Wie dieser Verunsicherung entgehen? – Informieren, wenn dann richtig, immer noch am sichersten

Es gibt einige klare Pflichten und auch Nebenpflichten aus dem Arbeitsvertrag, die dafürsprechen, dass ein gewisses Maß an Information vom Arbeitgeber geleistet werden muss. Das Bundesarbeitsgericht prüft zurzeit weitere Konstellationen und mögliche Informations- oder Hinweispflichten, die sich ergeben könnten. Um Diskussionen und Schadensersatzklagen aus dem Weg zu gehen liegt doch der einfachste Weg darin, es einmal richtig zu machen, zu dokumentieren und die bAV zu pflegen, wie jede andere Operativität im Betrieb auch.

Generell gilt: Informiert ein Arbeitgeber (auch, wenn er dazu nicht verpflichtet ist) zu einem Sachverhalt, muss dies richtig, eindeutig und vollständig sein.

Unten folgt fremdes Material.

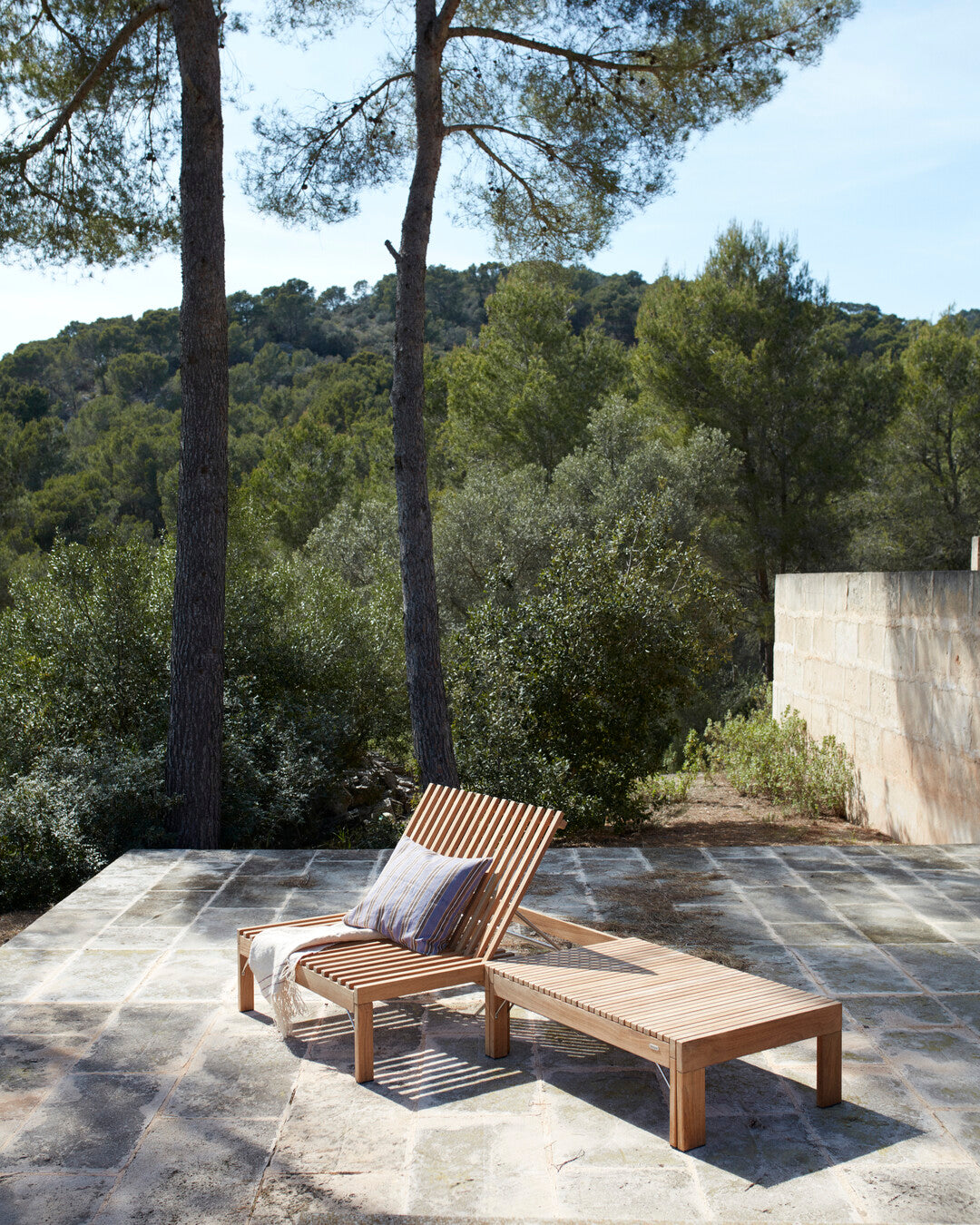 luxury riviera outdoor lounge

Das Nachweisgesetz (NachwG)

Das Nachweisgesetz verpflichtet ArbeitgeberInnen, die Bedingungen des Arbeitsvertrages klar aufzuschreiben und zu unterzeichnen und dem/der ArbeitnehmerIn auszuhändigen (spätestens einen Monat nach Arbeitsverhältnisbeginn).

Das Nachweisgesetz ist auch für die betriebliche Altersversorgung anzuwenden. Informationen über die im Unternehmen bestehende betriebliche Altersversorgung gehören zu den notwendigen Informationen. Die Voraussetzungen und Leistungen der bAV müssen genau beschrieben werden, ebenso der etwaige Zuschuss des Arbeitgebers zur Entgeltumwandlung, denn diese Zuschüsse sind Arbeitgeberleistungen und damit Gehaltsbestandteile nach § 2 Abs. 1 Nr. 6 NachwG. 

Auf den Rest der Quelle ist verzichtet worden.